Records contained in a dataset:
▽

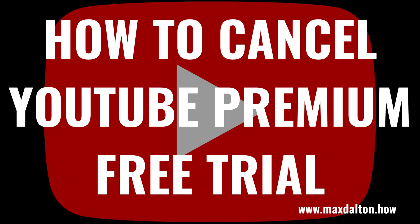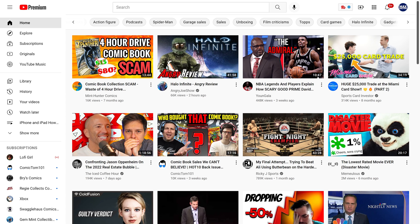Now let's walk through the steps to cancel your YouTube Premium free trial. Step 1: Either navigate to www.youtube.com and then log in to your YouTube account, or launch the YouTube app on your iPhone, iPad, or Android device. I'll show images from the YouTube website, but the steps to do this on the YouTube mobile app will be virtually the same.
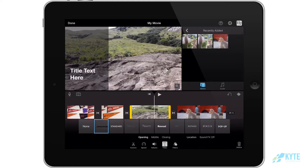Each title is different and allows you to do different things, so make sure you choose the one that's going to fit your project's needs.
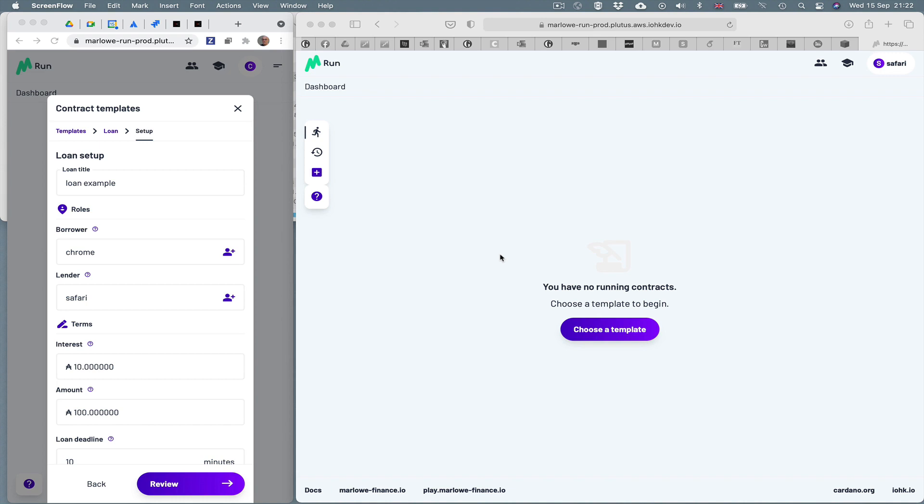For the moment, what can we see here? On the right we can see a screen saying you have no running contracts, choose a template to begin.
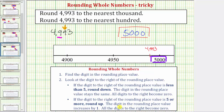To round up, the digit in the rounding place value increases by one, and all digits to the right become zero. So we increase the 9 in the hundreds by one, which would give us ten hundreds. Because ten hundreds is equal to 1,000, we perform an exchange and add a 1 to the 4 in the thousands place, so the 4 becomes a 5. All digits to the right become zero, giving us a rounded value of 5,000.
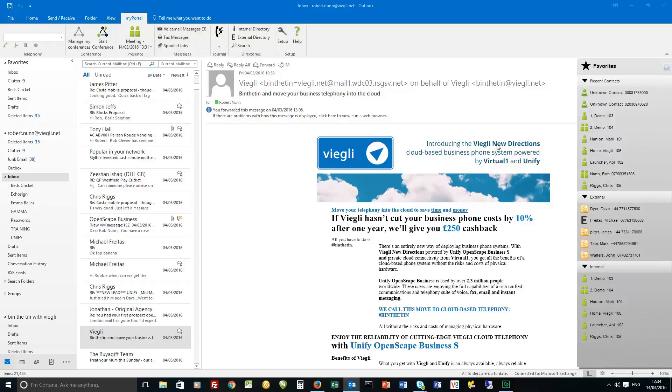So just close that down. So that's really the end of the whistle stop tour of MyPortal for Outlook in the major release one. It's due at the end of March and further information will be in the videos to follow.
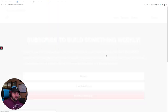So all in all, really happy with this find. Again, that's called podcast subscribe buttons. It's by second line themes. It is free in the WordPress plugin repository. So you can install it on your site by going to plugins, add new and searching for the name podcast subscribe buttons. Thanks so much for watching this video. If you liked it, be sure to give it a thumbs up down below and subscribe to this channel for more great content.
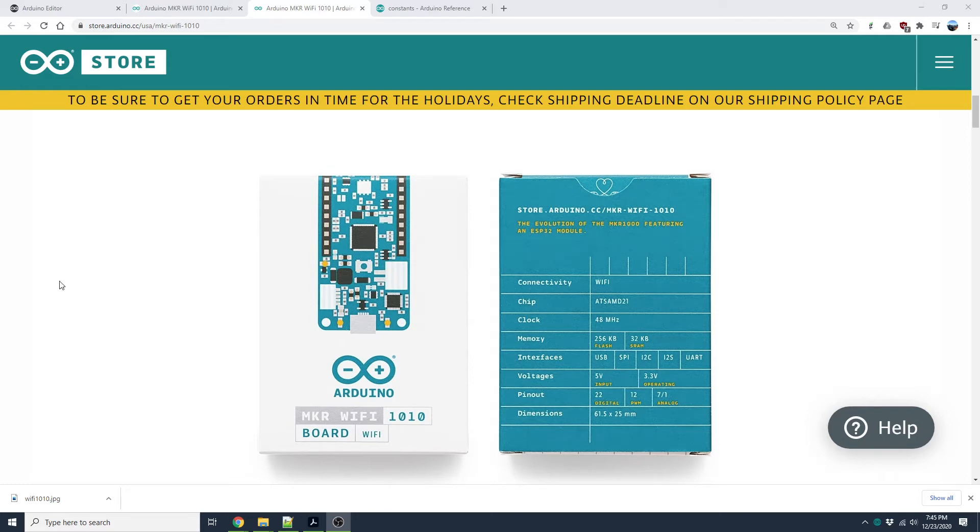Hello everyone. This is Arduino Maker Wi-Fi 1010 series. This is my second lesson.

△

[INSTRUCTIONS FOR THE TASK]:
Take every record and copy it word for word, dropping the pictures.

[ANSWER SECTION]:
Now let's walk through the steps to cancel your YouTube Premium free trial. Step 1: Either navigate to www.youtube.com and then log in to your YouTube account, or launch the YouTube app on your iPhone, iPad, or Android device. I'll show images from the YouTube website, but the steps to do this on the YouTube mobile app will be virtually the same.
Each title is different and allows you to do different things, so make sure you choose the one that's going to fit your project's needs.
For the moment, what can we see here? On the right we can see a screen saying you have no running contracts, choose a template to begin.
To round up, the digit in the rounding place value increases by one, and all digits to the right become zero. So we increase the 9 in the hundreds by one, which would give us ten hundreds. Because ten hundreds is equal to 1,000, we perform an exchange and add a 1 to the 4 in the thousands place, so the 4 becomes a 5. All digits to the right become zero, giving us a rounded value of 5,000.
So just close that down. So that's really the end of the whistle stop tour of MyPortal for Outlook in the major release one. It's due at the end of March and further information will be in the videos to follow.
So all in all, really happy with this find. Again, that's called podcast subscribe buttons. It's by second line themes. It is free in the WordPress plugin repository. So you can install it on your site by going to plugins, add new and searching for the name podcast subscribe buttons. Thanks so much for watching this video. If you liked it, be sure to give it a thumbs up down below and subscribe to this channel for more great content.
Hello everyone. This is Arduino Maker Wi-Fi 1010 series. This is my second lesson.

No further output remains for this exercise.